The cabinet minister is already being investigated after two formal complaints about his alleged behaviour, with allegations that government staff were “scared” to go into his office.
The under-pressure minister acted “badly and inappropriately” in a meeting with the Home Office earlier this year, Whitehall sources told The Guardian.
Antonio Romeo, permanent secretary at the Ministry of Justice (MoJ) called senior officials working for then home secretary Priti Patel to apologise, according to the newspaper.
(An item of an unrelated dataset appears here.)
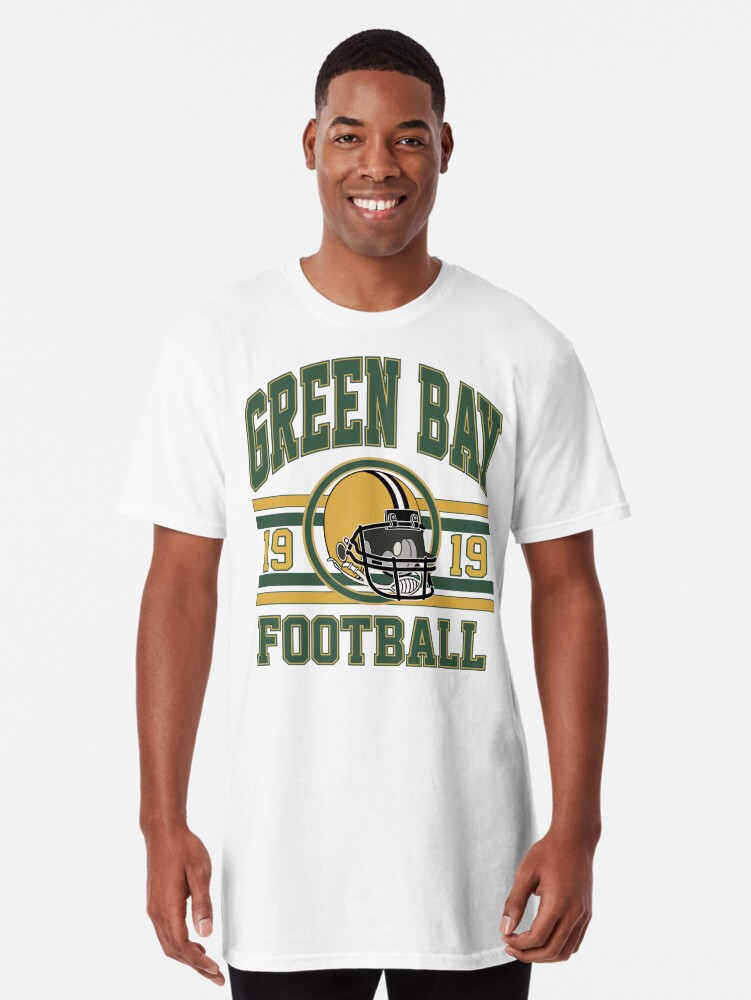 Party like it's 1950 with this retro Green Bay Packers gear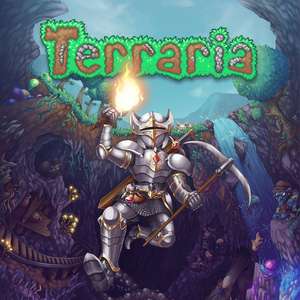 [Nintendo Switch] Terraria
The MoJ did not deny an apology had taken place. “The Ministry of Justice works hand in glove with the Home Office and calls between officials to follow up cross-departmental meetings are standard procedure,” said a spokesperson.
Mr Raab has been facing a series of allegations he bullied officials and deployed rude and demeaning behaviour in previous stints as justice secretary and foreign secretary.
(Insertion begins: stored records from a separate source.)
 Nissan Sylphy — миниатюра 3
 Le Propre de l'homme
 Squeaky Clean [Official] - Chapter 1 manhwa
The senior minister last week confirmed that two separate formal complaints have been made about his conduct as he asked Rishi Sunak to sanction an independent investigation.
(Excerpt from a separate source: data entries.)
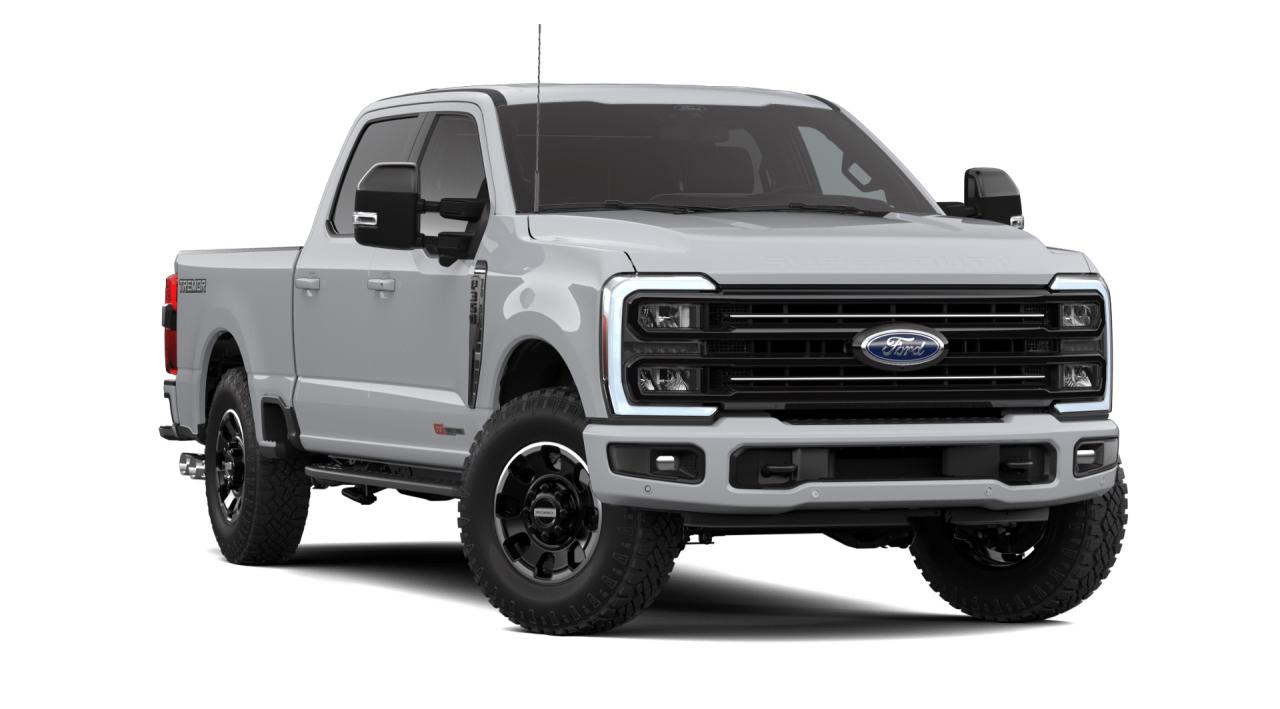 2026 Ford F-350 Super Duty SRW Platinum Photo3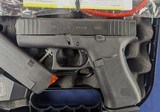  MONTHLY SPECIAL NEW ADDITION Glock 43X 9MM Auto Pistol - 3 of 15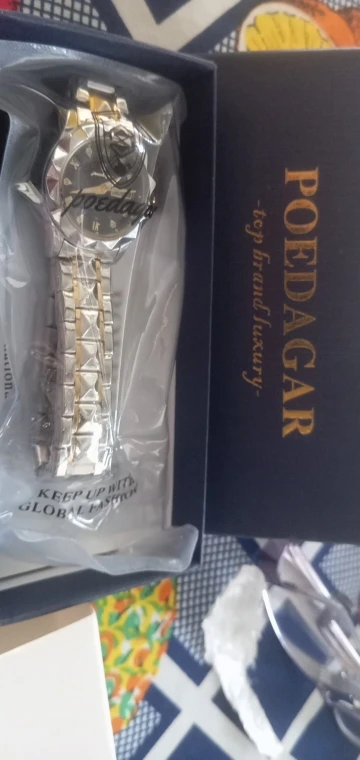 POEDAGAR Luxury Women's Watches photo review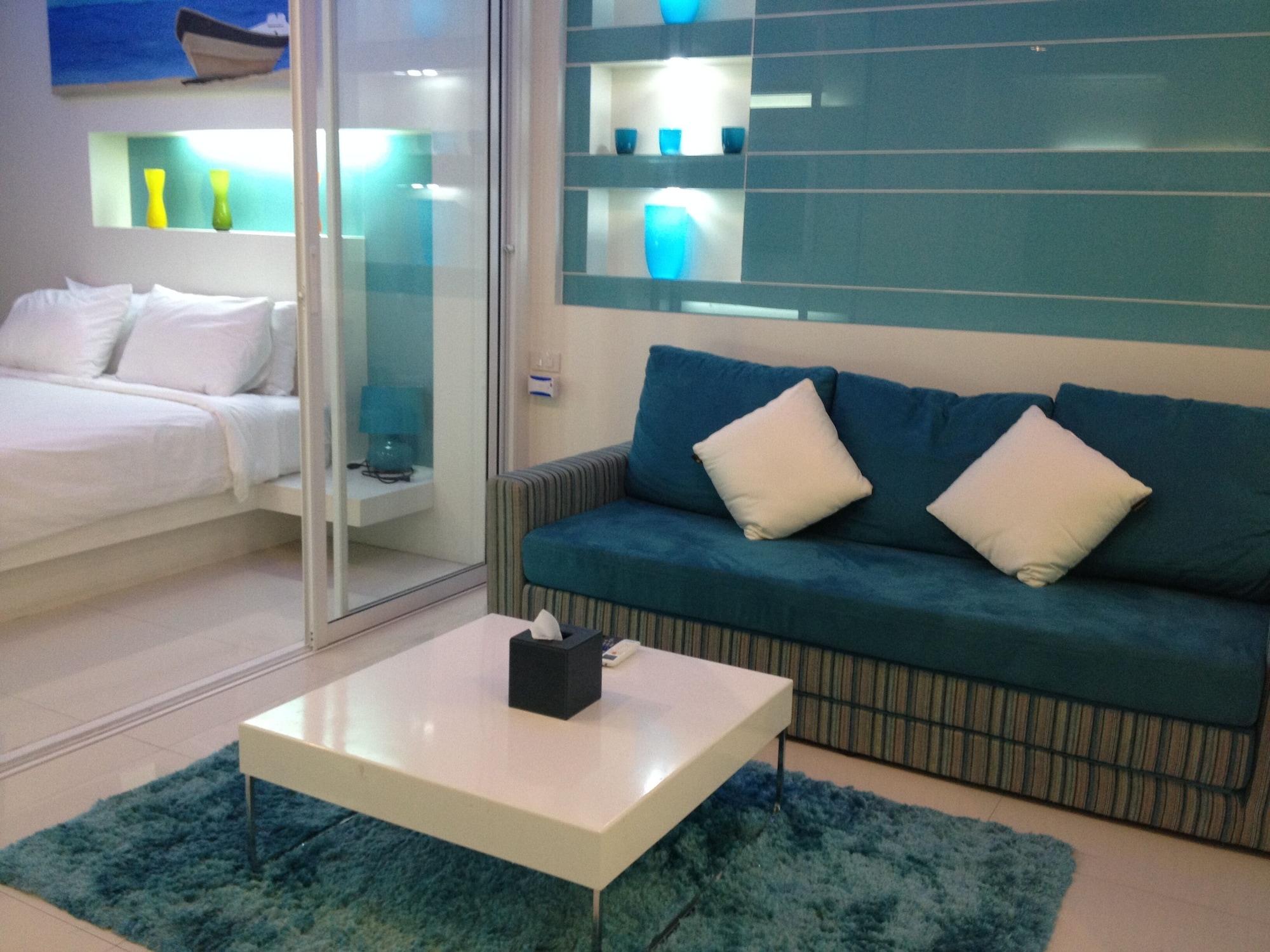View Talay 6 Condominium By Honey Pattaya Luaran gambar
But the probe won’t be begin until the prime minister appoints a No 10 ethics adviser – a role which has been vacant since Lord Geidt quit in protest in June.
In response to the latest claim, Angela Rayner, Labour’s deputy leader, said Mr Raab “leaves a trail of senior officials forced to spend their time apologising for his toxic behaviour and reading him the riot act, instead of focusing on making Britons safe on our streets”.
She added: “This shameful incident shows his bad conduct is not only an embarrassment to the department he claims to lead but hindering the proper functioning of government.”
Concerns were reportedly raised with Mr Raab by Lord Simon McDonald, who was the senior civil servant at the Foreign Office when the top Tory was foreign secretary.
Asked by LBC radio if characterisation of Mr Raab as someone who could bully and around whom bullying could happen, Lord McDonald replied: “Yes.”
Philip Rycroft, former permanent secretary to the Department for Exiting the European Union, is also said to have raised concerns about Mr Raab’s behaviour during his time as Brexit secretary.
It comes as Mr Raab also faces accusations that he used “obscene” language in the Commons.
The row centres on claims that Mr Raab mouthed the word “w***er” at the Labour leader Sir Keir Starmer during a recent PMQs.
Sir Alistair Graham, a former chairman of the Committee on Standards in Public Life, told The Independent that the allegations should be investigated.
It understood that Mr Raab categorically denies he used the word w***er and instead said “weaker” after Sir Keir used the word “weak” multiple times.